Like a baby who has not yet learned to speak, he makes rhythmical sounds like “na na na.” He is not self-conscious. He simply enjoys the sensory experience of vibrations in his throat, and the sound as it enters his ears, and the repetition satisfies him intensely. His mother thinks of birds that repeat song cycles, over and over, their throats warbling, their bodies relaxed. She sometimes wonders what it would be like if a flock of beings like him gathered into a space, like birds to a tree, and made their repetitive sounds, not all together, but more staggered, to form a multi-faceted whole. People who listened would feel like they were there, but not there, occupied, but not occupied. It’s a state that frees the mind.


There is a bed in his room, but he doesn’t like to sleep on it.  It’s too straight, and he likes to burrow and curl when he sleeps.  So, he migrates, once the light is off, to a blue loveseat across the room from his bed.
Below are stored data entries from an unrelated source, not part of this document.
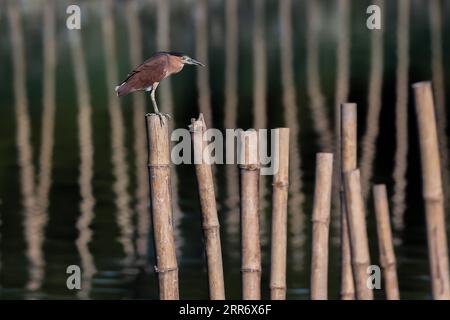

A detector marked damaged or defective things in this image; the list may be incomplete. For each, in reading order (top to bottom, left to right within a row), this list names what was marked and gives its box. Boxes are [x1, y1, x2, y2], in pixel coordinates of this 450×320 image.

bamboo splintered top [146, 114, 171, 165]
broken bamboo stake [145, 114, 178, 298]
broken bamboo stake [189, 114, 225, 300]
broken bamboo stake [241, 129, 262, 298]
broken bamboo stake [270, 127, 288, 300]
broken bamboo stake [312, 152, 332, 300]
broken bamboo stake [340, 103, 356, 300]
broken bamboo stake [344, 170, 372, 300]
broken bamboo stake [372, 185, 400, 300]
broken bamboo stake [414, 81, 448, 298]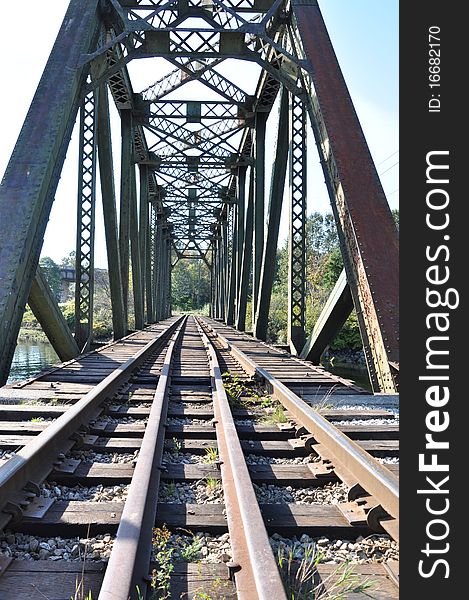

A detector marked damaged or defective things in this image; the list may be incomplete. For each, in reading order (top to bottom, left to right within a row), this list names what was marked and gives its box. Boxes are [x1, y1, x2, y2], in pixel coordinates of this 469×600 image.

rusty rail [0, 314, 185, 528]
rusty rail [98, 316, 186, 596]
rusty rail [194, 322, 286, 596]
rusty rail [197, 318, 398, 544]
He likes to put his head under the pillow where people press their backs, and drape a leg over one of the arms. He likes closed, squeezed places. He wants to be surrounded, and his bed is too straight for that. Besides, his loveseat smells like him in a way that his bed doesn’t. It smells of saliva and shampoo and suntan lotion and dog. When he is surrounded by those smells, he can sleep.
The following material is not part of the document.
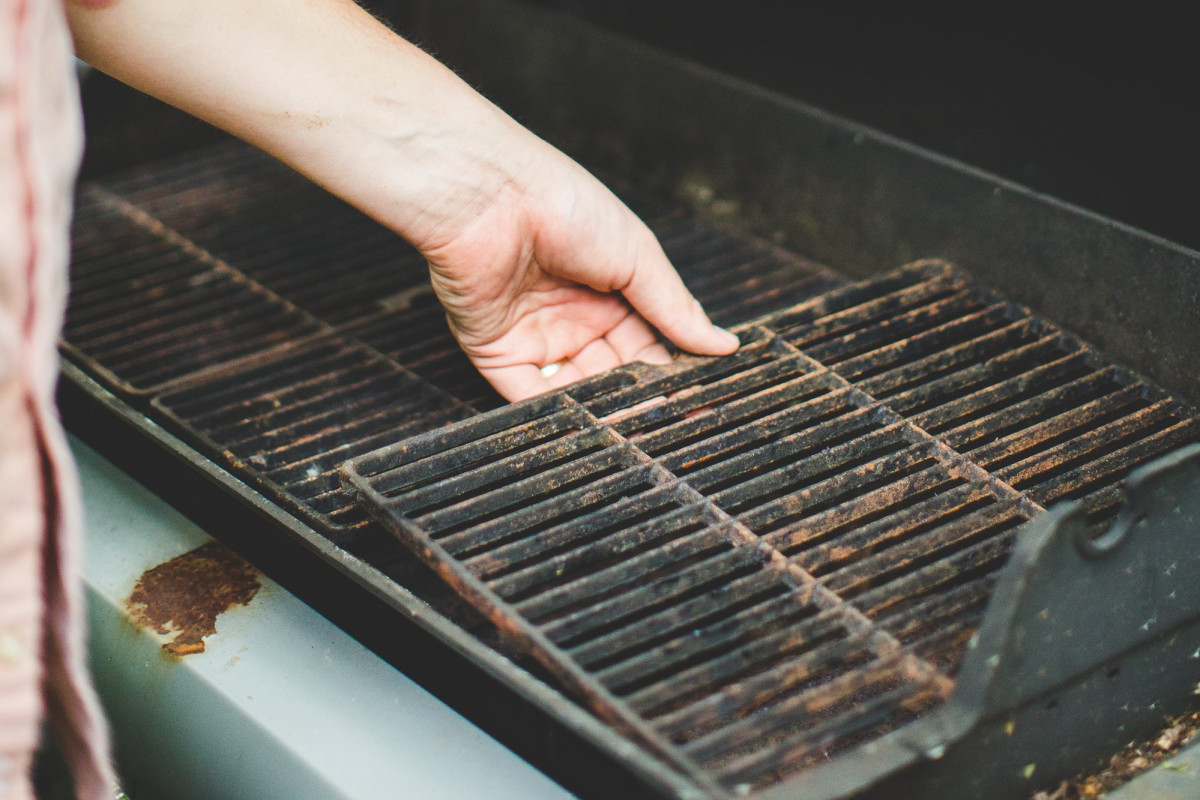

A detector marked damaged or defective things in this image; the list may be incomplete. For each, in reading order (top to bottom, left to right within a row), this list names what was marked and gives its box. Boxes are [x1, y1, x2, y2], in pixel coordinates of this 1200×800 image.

rust stain [127, 536, 262, 656]
rusty grill grate [63, 141, 836, 548]
rusty grill grate [340, 260, 1200, 792]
If you walked into his bedroom, you wouldn’t know how old he is, and that wouldn’t bother him. He has toys on his bookshelf with which he still likes to play, but not for the purpose for which they were intended. Take the wooden ball toy, for instance. He places his head very close to the balls as they roll down the track, and there’s an imperceptible interruption of air on his cheek that thrills him. He likes to observe the balls, first red, then blue, out of the corner of his eye—not straight on.

He has a keyboard in his bedroom that plays four tunes, one right after the other, in a continuous loop. He likes to press the keyboard right up to his ear, not just for the sound, but for the feeling of the music running through his body, right into his bloodstream. He can live in that world for a very long time. Only, it disturbs his father if he turns the music on in the middle of the night. He’ll tell him to stop, but it’s not easy to stop outright. He has to do it in stages, in gradations, the way an airplane doesn’t just drop out of the sky, but lowers slowly, losing altitude in steps. A keyboard is a toy even a teenager could have, which is what he is. But the ball toy is for a toddler. His mother knows that, but lets him keep it anyway.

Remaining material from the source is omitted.